Bien au centre de la vieille ville, d’où on peut apercevoir quelques clochers parfaitement perchés, un marché, le Kornmarkt, s’anime en milieu de journée pour vendre fruits et légumes. Là, impossible de se noyer dans la foule.

La principale attraction, la Porta Nigra, date du deuxième siècle. Imposante porte de grès, elle peut être visitée, entre autres pour la vue qu’elle offre sur la ville. Transformée en église à travers le temps, elle a retrouvé ses allures d’origine dans les années 1800. 

Plus centrale, la basilique, très vaste, était la plus grande de l’Antiquité et incarnait le siège et le pouvoir de l’Empire romain. Rien que ça. Et pourtant, ce jour-là, ça ne se bousculait pas au portillon pour la visiter. 

Pas plus que pour entrer dans l’impressionnante et monumentale église Notre-Dame. Son vaste parvis était presque désert. Il faut dire que les nuages gris décourageaient peut-être les fidèles et les touristes de mettre le nez dehors. Ça n’empêchait pas une femme de beugler des messages religieux dans un porte-voix, à une extrémité de la place. 

C’est sur cette place, en plein jour, qu’est érigé un marché, dans la vieille ville de Trèves.

Cette église est la première église de style gothique classique français construite hors de France. 

Et ce qu’il y a d’impressionnant, c’est que de toutes les ruines romaines qui tiennent toujours le coup à Trèves, seules la basilique et la cathédrale ont été légèrement endommagées lors de la Deuxième Guerre mondiale. 

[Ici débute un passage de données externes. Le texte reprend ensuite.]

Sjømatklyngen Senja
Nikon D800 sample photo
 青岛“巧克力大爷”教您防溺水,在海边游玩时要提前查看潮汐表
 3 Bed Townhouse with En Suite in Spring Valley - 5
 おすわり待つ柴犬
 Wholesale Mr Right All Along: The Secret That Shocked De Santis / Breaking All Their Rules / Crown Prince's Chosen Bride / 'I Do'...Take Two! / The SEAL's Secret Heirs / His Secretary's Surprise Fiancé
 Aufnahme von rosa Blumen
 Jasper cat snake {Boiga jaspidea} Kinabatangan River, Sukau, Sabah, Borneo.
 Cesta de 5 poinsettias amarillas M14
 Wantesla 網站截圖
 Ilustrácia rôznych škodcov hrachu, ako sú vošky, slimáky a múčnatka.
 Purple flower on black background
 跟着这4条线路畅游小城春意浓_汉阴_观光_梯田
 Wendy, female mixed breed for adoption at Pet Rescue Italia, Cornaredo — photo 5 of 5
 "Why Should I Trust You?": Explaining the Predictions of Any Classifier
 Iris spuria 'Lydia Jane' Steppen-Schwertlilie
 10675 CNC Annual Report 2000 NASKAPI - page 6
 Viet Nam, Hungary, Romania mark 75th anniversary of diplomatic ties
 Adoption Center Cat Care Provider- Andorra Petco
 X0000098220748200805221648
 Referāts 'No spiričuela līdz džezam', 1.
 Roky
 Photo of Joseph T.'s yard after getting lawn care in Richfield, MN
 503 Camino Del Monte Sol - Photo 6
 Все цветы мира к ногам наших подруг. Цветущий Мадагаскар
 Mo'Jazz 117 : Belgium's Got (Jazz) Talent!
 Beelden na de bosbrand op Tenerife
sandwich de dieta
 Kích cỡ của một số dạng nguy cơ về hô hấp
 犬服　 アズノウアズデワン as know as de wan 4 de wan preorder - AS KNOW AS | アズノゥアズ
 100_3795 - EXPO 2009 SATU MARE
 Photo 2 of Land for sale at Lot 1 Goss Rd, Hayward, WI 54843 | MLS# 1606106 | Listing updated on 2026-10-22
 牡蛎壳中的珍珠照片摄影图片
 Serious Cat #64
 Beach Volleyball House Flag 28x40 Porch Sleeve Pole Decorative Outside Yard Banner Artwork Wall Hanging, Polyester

Ça m’apprendra à vouloir tout visiter à pied, j’ai mis 20 minutes de trop pour me rendre à l’amphithéâtre, juste à l’extérieur de la vieille ville, dans un secteur un peu plus résidentiel. On venait d’en fermer les portes quand je suis arrivé. Sur les photos que j’en ai vues, il n’a pas les allures du Colisée à Rome ou des arènes de Nîmes, dans le sud de la France, mais il a tout de même accueilli des combats de gladiateurs.

La promenade dans la ville, à la pluie s’il vous plaît, m’aura néanmoins fait sortir du centre touristique de la petite ville étudiante. On sent, là, un rythme de vie beaucoup plus lent que dans les grandes villes. On peut flâner, admirer les fresques sur les façades des maisons d’époque, sans se sentir trop bousculé. 

Trèves, c’est le charme de l’Europe ancienne dans un emballage modeste. On en fait facilement le tour en une seule journée, mais pour peu qu’on ait envie de s’imposer de ralentir, il peut s’agir d’un refuge de choix. 

Ma découverte insolite, facile à trouver sur une artère traversant la vieille ville? Un stand à hot-dogs aménagé à même une vieille église, au premier étage du lieu de culte. On peut donc déguster pain et saucisse sous un auvent lui-même surmonté d’un crucifix et d’une statue de Marie.